Hacker Newsnew | past | comments | ask | show | jobs | submitlogin
Building Lanyrd (lanyrd.com)
82 points by mace on Aug 11, 2011 | hide | past | favorite | 26 comments


There's a comment on slide 43 about finding a way to replay access logs. Siege is a great tool for this, as it takes a URLs file as an argument.

You can get a list of URLs from your apache access log with

    cut -d ' ' -f7 /var/log/apache2/access.log > urls.txt
And then hammer your test server with

    siege -c<concurreny rate> -f urls.txt


Siege is great. httperf is also worth trying. There's a good guide at http://www.comlore.com/redist_files/httperf-quickstart-guide...


Just went through the slides... watching now. Very interesting. One thing that is a bit surprising is the diversity of key-value/caching technologies. I felt like there was a lot of overlap in capability between Varnish, redis, memcached, mongodb, etc...


I'm a big fan of polyglot persistence - we're using MySQL, memcached, redis, Solr, Varnish and MongoDB now.

MySQL is where all of our key data lives up. I trust it, it's backed up, and the entire site can be recreated just from the MySQL dump.

Redis and Solr are both used for denormalisation. Solr provides search and our core calendar view, and is updated every 60-90 seconds by a cron job. It's replicated, which means that our calendar view (the most expensive page on the site) scales horizontally with the number of replicas.

Redis powers a few features, most notably pages that show which of your Twitter contacts are attending an event (a simple Redis set intersection, which Redis will happily perform 100,000 times a second). It's also used for our message queue, which means I don't have to run RabbitMQ as well.

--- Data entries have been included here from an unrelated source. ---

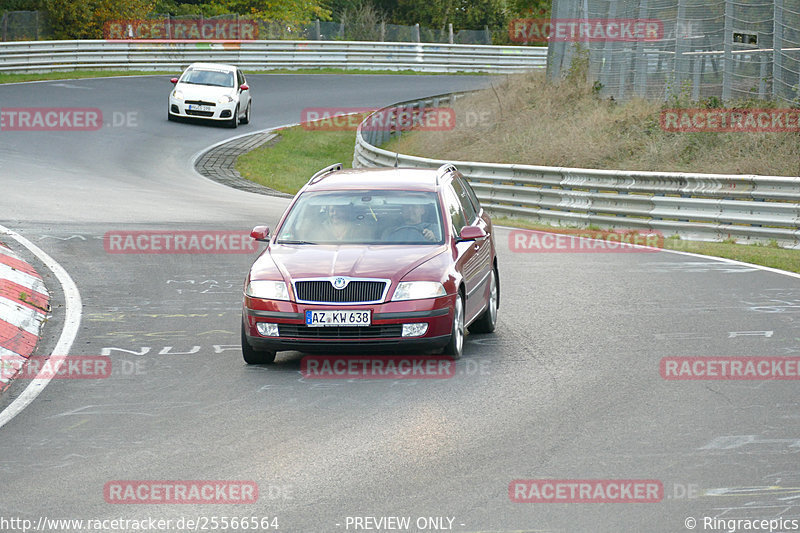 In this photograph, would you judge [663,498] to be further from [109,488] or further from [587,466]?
[109,488]

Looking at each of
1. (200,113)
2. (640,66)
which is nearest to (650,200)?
(640,66)

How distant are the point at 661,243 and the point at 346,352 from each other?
10.8m

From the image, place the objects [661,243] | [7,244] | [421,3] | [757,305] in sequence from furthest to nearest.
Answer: [421,3] → [661,243] → [7,244] → [757,305]

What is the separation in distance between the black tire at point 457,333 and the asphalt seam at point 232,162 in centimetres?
1577

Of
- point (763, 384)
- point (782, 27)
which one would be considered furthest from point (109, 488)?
point (782, 27)

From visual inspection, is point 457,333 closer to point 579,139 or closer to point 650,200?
point 650,200

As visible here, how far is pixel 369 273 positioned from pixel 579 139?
Answer: 63.1ft

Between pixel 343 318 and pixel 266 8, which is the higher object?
pixel 266 8

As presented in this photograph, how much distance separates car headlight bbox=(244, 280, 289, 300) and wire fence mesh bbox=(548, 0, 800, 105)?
18357 mm

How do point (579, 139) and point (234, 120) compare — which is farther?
point (234, 120)

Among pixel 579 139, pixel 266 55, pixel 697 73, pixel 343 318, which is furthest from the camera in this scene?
pixel 266 55

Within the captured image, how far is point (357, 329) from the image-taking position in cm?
970

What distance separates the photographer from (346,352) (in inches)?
384

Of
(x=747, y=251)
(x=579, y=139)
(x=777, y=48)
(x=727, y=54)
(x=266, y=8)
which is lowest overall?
(x=747, y=251) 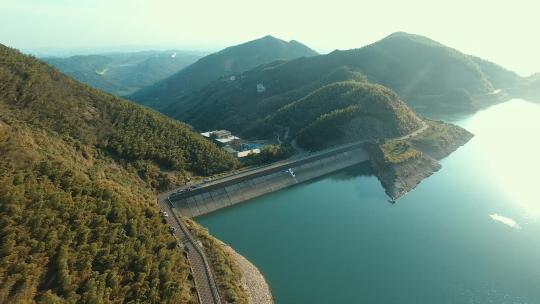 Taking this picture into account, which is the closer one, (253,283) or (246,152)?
(253,283)

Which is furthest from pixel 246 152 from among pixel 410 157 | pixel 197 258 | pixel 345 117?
pixel 197 258

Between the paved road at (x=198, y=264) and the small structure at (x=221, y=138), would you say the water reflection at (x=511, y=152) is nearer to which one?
the paved road at (x=198, y=264)

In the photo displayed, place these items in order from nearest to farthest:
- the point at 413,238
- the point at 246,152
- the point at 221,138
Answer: the point at 413,238 < the point at 246,152 < the point at 221,138

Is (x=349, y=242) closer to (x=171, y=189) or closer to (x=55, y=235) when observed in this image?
(x=171, y=189)

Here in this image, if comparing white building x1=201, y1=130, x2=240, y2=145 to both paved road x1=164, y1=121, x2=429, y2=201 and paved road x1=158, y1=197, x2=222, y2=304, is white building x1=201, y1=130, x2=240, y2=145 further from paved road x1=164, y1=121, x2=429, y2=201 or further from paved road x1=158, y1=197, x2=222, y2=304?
paved road x1=158, y1=197, x2=222, y2=304

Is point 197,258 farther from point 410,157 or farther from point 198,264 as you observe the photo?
point 410,157

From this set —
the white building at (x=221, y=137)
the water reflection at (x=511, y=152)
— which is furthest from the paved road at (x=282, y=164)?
the water reflection at (x=511, y=152)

memcached is used for caching. I could use Redis for this, but the nice thing about memcached is that it has a hard memory limit and will throw away keys without any fuss when it hits that limit. It's also a good idea to keep resources set aside for caching separate from resources being used for other purposes, in my opinion.

Varnish is currently just used as a layer in front of our JavaScript badges ( http://lanyrd.com/services/badges/ ), purely to protect us against a super high traffic site deploying our badges (all badge requests are cached for 10 minutes, and Varnish handles dogpiling for us). I'd like to use Varnish in front of the main site as well just for logged out users, but I haven't had time to deploy that yet. Our badges are also designed to not block the loading of your site if we're down for some reason - varnish helps a bit there as well. See our badge performance notes here: http://lanyrd.com/services/badges/docs/#performance

We recently started storing application logs in MongoDB, mainly as an experiment. MongoDB is very fast at writes, and lets us easily run structured queries across our logs. I don't care too much about persistence here, since the data isn't as valuable as e.g. our core database of conferences.


So it this a question of:

Learning new tools and understanding their idiosyncrasies vs. building new functionality on top of existing tools?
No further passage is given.